— STORED DATA —
-- Opening Marker --

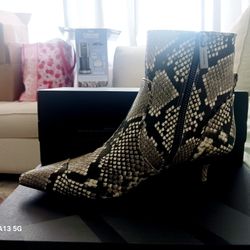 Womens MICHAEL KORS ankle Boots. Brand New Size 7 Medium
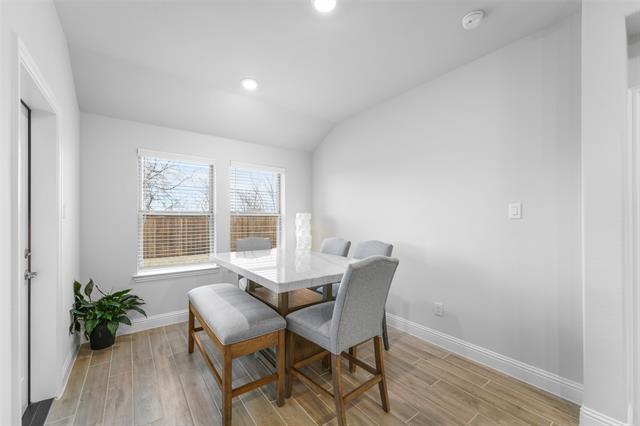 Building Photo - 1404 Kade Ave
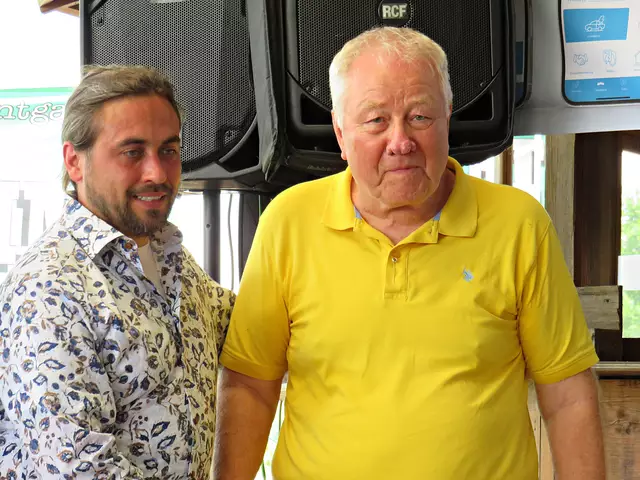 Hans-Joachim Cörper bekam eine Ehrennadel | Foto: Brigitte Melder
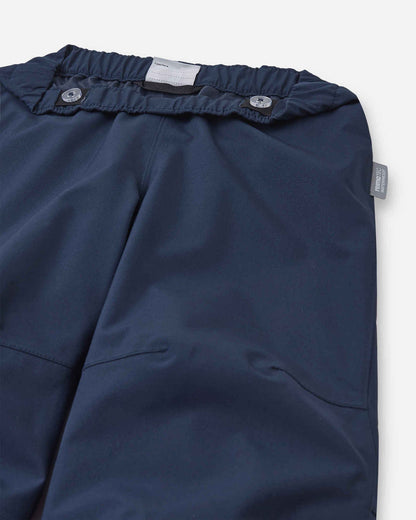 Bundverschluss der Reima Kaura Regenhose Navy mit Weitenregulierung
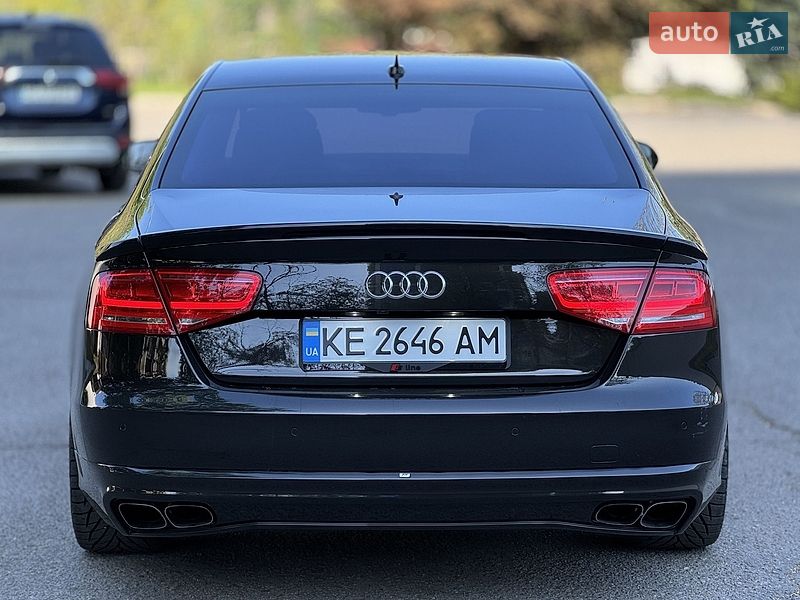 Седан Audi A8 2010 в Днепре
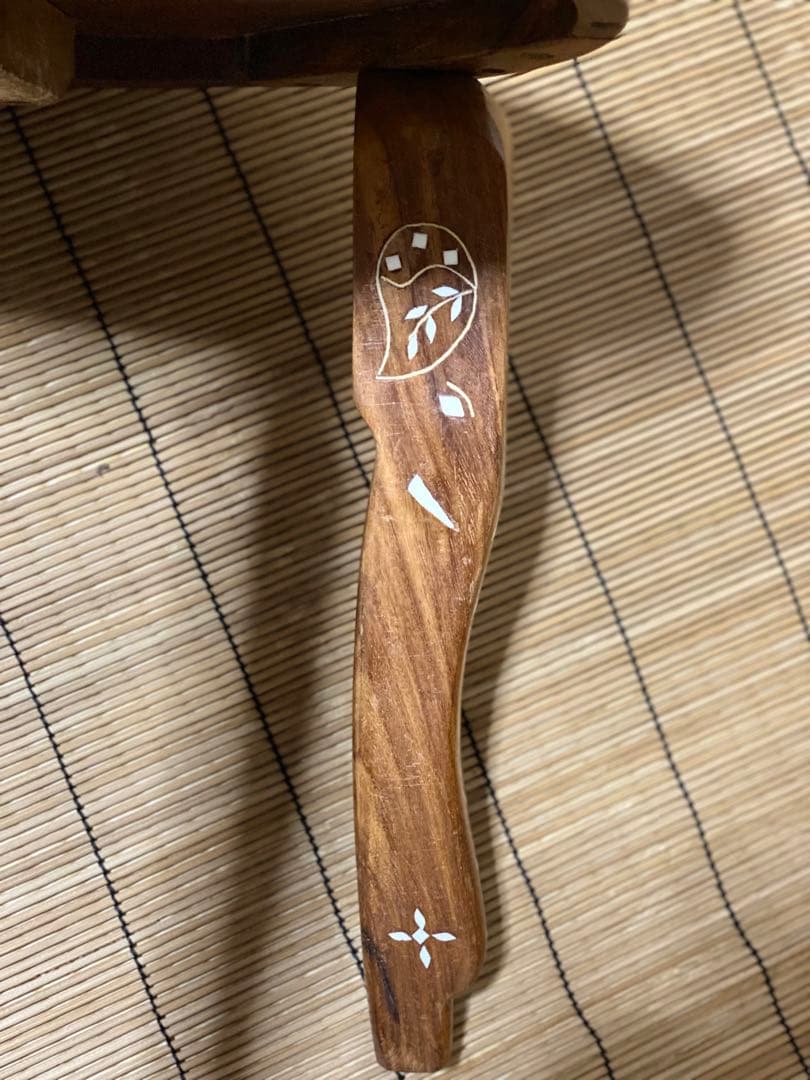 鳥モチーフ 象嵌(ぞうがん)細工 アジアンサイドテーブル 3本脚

-- Closing Marker --

— WORK TASK —
Return the listing above in full and unaltered. Keep the pictures out.

— EXERCISE SOLUTION —
 Womens MICHAEL KORS ankle Boots. Brand New Size 7 Medium
 Building Photo - 1404 Kade Ave
 Hans-Joachim Cörper bekam eine Ehrennadel | Foto: Brigitte Melder
 Bundverschluss der Reima Kaura Regenhose Navy mit Weitenregulierung
 Седан Audi A8 2010 в Днепре
 鳥モチーフ 象嵌(ぞうがん)細工 アジアンサイドテーブル 3本脚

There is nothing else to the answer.